#### Task to complete
Take the records underneath and set them down exactly.

#### Material for this task
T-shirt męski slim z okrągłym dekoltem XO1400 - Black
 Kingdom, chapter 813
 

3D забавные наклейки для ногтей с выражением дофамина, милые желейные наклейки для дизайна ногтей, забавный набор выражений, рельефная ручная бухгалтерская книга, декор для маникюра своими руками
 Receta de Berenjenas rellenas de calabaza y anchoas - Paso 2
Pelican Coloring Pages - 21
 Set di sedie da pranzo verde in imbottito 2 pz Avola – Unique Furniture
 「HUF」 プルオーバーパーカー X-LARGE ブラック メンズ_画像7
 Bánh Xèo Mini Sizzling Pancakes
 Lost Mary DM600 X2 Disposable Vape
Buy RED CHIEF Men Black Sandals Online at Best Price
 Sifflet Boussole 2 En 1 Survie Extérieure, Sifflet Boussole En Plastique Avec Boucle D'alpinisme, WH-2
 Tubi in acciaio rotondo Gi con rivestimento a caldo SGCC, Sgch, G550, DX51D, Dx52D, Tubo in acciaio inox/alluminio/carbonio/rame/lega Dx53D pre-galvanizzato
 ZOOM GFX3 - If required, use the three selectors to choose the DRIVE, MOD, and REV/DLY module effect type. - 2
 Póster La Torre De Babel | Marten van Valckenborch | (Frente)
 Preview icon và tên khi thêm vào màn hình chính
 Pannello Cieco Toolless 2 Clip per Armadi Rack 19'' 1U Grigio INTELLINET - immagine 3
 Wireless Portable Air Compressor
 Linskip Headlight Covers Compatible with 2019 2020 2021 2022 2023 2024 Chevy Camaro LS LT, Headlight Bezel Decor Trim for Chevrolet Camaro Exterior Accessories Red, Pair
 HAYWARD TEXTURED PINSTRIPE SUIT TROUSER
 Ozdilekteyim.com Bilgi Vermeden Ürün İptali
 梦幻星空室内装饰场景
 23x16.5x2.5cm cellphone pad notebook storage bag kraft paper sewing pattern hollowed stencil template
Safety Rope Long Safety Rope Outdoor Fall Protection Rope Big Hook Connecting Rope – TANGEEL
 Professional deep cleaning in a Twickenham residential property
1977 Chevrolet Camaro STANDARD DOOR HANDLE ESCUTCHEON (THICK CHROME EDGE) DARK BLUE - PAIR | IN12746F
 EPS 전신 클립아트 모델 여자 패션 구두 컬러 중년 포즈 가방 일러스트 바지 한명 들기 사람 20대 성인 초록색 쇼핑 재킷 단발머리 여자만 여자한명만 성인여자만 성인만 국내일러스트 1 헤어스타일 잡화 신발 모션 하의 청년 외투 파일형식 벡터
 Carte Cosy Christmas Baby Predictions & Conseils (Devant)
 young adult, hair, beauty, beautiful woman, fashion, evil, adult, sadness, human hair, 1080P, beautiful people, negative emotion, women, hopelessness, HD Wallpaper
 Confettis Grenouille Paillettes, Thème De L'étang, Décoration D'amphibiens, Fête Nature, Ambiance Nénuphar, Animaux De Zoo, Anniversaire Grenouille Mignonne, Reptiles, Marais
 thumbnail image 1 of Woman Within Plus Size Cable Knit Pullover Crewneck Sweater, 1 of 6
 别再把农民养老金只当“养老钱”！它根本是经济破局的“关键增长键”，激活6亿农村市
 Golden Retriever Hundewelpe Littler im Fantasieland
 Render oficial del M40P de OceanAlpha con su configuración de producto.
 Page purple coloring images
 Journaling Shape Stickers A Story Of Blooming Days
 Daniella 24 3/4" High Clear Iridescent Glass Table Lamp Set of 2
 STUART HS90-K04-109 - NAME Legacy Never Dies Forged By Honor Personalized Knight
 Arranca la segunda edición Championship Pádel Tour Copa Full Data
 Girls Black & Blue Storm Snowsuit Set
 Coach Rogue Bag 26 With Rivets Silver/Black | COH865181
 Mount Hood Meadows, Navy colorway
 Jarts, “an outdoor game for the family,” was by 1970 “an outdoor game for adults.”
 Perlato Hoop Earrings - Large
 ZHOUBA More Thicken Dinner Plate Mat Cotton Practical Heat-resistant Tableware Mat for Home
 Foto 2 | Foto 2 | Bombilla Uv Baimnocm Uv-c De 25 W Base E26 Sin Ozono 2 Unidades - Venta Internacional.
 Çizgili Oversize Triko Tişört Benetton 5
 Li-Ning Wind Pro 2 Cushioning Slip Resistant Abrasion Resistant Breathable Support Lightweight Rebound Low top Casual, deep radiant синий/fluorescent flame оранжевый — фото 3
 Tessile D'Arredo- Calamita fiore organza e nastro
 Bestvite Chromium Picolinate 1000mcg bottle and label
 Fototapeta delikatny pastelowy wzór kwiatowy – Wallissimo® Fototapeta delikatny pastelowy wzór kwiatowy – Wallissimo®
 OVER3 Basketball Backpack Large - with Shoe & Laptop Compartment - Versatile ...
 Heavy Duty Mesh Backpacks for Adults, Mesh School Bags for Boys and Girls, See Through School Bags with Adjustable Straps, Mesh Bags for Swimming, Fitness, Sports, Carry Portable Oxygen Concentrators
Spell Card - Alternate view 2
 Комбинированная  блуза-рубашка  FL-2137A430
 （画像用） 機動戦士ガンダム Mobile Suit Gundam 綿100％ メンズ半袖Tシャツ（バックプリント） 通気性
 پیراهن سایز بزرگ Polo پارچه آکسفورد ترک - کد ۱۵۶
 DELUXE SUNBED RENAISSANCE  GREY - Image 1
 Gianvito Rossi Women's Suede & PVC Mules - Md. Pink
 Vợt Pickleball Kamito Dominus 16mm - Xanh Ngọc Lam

#### Result for this task
T-shirt męski slim z okrągłym dekoltem XO1400 - Black
 Kingdom, chapter 813
 

3D забавные наклейки для ногтей с выражением дофамина, милые желейные наклейки для дизайна ногтей, забавный набор выражений, рельефная ручная бухгалтерская книга, декор для маникюра своими руками
 Receta de Berenjenas rellenas de calabaza y anchoas - Paso 2
Pelican Coloring Pages - 21
 Set di sedie da pranzo verde in imbottito 2 pz Avola – Unique Furniture
 「HUF」 プルオーバーパーカー X-LARGE ブラック メンズ_画像7
 Bánh Xèo Mini Sizzling Pancakes
 Lost Mary DM600 X2 Disposable Vape
Buy RED CHIEF Men Black Sandals Online at Best Price
 Sifflet Boussole 2 En 1 Survie Extérieure, Sifflet Boussole En Plastique Avec Boucle D'alpinisme, WH-2
 Tubi in acciaio rotondo Gi con rivestimento a caldo SGCC, Sgch, G550, DX51D, Dx52D, Tubo in acciaio inox/alluminio/carbonio/rame/lega Dx53D pre-galvanizzato
 ZOOM GFX3 - If required, use the three selectors to choose the DRIVE, MOD, and REV/DLY module effect type. - 2
 Póster La Torre De Babel | Marten van Valckenborch | (Frente)
 Preview icon và tên khi thêm vào màn hình chính
 Pannello Cieco Toolless 2 Clip per Armadi Rack 19'' 1U Grigio INTELLINET - immagine 3
 Wireless Portable Air Compressor
 Linskip Headlight Covers Compatible with 2019 2020 2021 2022 2023 2024 Chevy Camaro LS LT, Headlight Bezel Decor Trim for Chevrolet Camaro Exterior Accessories Red, Pair
 HAYWARD TEXTURED PINSTRIPE SUIT TROUSER
 Ozdilekteyim.com Bilgi Vermeden Ürün İptali
 梦幻星空室内装饰场景
 23x16.5x2.5cm cellphone pad notebook storage bag kraft paper sewing pattern hollowed stencil template
Safety Rope Long Safety Rope Outdoor Fall Protection Rope Big Hook Connecting Rope – TANGEEL
 Professional deep cleaning in a Twickenham residential property
1977 Chevrolet Camaro STANDARD DOOR HANDLE ESCUTCHEON (THICK CHROME EDGE) DARK BLUE - PAIR | IN12746F
 EPS 전신 클립아트 모델 여자 패션 구두 컬러 중년 포즈 가방 일러스트 바지 한명 들기 사람 20대 성인 초록색 쇼핑 재킷 단발머리 여자만 여자한명만 성인여자만 성인만 국내일러스트 1 헤어스타일 잡화 신발 모션 하의 청년 외투 파일형식 벡터
 Carte Cosy Christmas Baby Predictions & Conseils (Devant)
 young adult, hair, beauty, beautiful woman, fashion, evil, adult, sadness, human hair, 1080P, beautiful people, negative emotion, women, hopelessness, HD Wallpaper
 Confettis Grenouille Paillettes, Thème De L'étang, Décoration D'amphibiens, Fête Nature, Ambiance Nénuphar, Animaux De Zoo, Anniversaire Grenouille Mignonne, Reptiles, Marais
 thumbnail image 1 of Woman Within Plus Size Cable Knit Pullover Crewneck Sweater, 1 of 6
 别再把农民养老金只当“养老钱”！它根本是经济破局的“关键增长键”，激活6亿农村市
 Golden Retriever Hundewelpe Littler im Fantasieland
 Render oficial del M40P de OceanAlpha con su configuración de producto.
 Page purple coloring images
 Journaling Shape Stickers A Story Of Blooming Days
 Daniella 24 3/4" High Clear Iridescent Glass Table Lamp Set of 2
 STUART HS90-K04-109 - NAME Legacy Never Dies Forged By Honor Personalized Knight
 Arranca la segunda edición Championship Pádel Tour Copa Full Data
 Girls Black & Blue Storm Snowsuit Set
 Coach Rogue Bag 26 With Rivets Silver/Black | COH865181
 Mount Hood Meadows, Navy colorway
 Jarts, “an outdoor game for the family,” was by 1970 “an outdoor game for adults.”
 Perlato Hoop Earrings - Large
 ZHOUBA More Thicken Dinner Plate Mat Cotton Practical Heat-resistant Tableware Mat for Home
 Foto 2 | Foto 2 | Bombilla Uv Baimnocm Uv-c De 25 W Base E26 Sin Ozono 2 Unidades - Venta Internacional.
 Çizgili Oversize Triko Tişört Benetton 5
 Li-Ning Wind Pro 2 Cushioning Slip Resistant Abrasion Resistant Breathable Support Lightweight Rebound Low top Casual, deep radiant синий/fluorescent flame оранжевый — фото 3
 Tessile D'Arredo- Calamita fiore organza e nastro
 Bestvite Chromium Picolinate 1000mcg bottle and label
 Fototapeta delikatny pastelowy wzór kwiatowy – Wallissimo® Fototapeta delikatny pastelowy wzór kwiatowy – Wallissimo®
 OVER3 Basketball Backpack Large - with Shoe & Laptop Compartment - Versatile ...
 Heavy Duty Mesh Backpacks for Adults, Mesh School Bags for Boys and Girls, See Through School Bags with Adjustable Straps, Mesh Bags for Swimming, Fitness, Sports, Carry Portable Oxygen Concentrators
Spell Card - Alternate view 2
 Комбинированная  блуза-рубашка  FL-2137A430
 （画像用） 機動戦士ガンダム Mobile Suit Gundam 綿100％ メンズ半袖Tシャツ（バックプリント） 通気性
 پیراهن سایز بزرگ Polo پارچه آکسفورد ترک - کد ۱۵۶
 DELUXE SUNBED RENAISSANCE  GREY - Image 1
 Gianvito Rossi Women's Suede & PVC Mules - Md. Pink
 Vợt Pickleball Kamito Dominus 16mm - Xanh Ngọc Lam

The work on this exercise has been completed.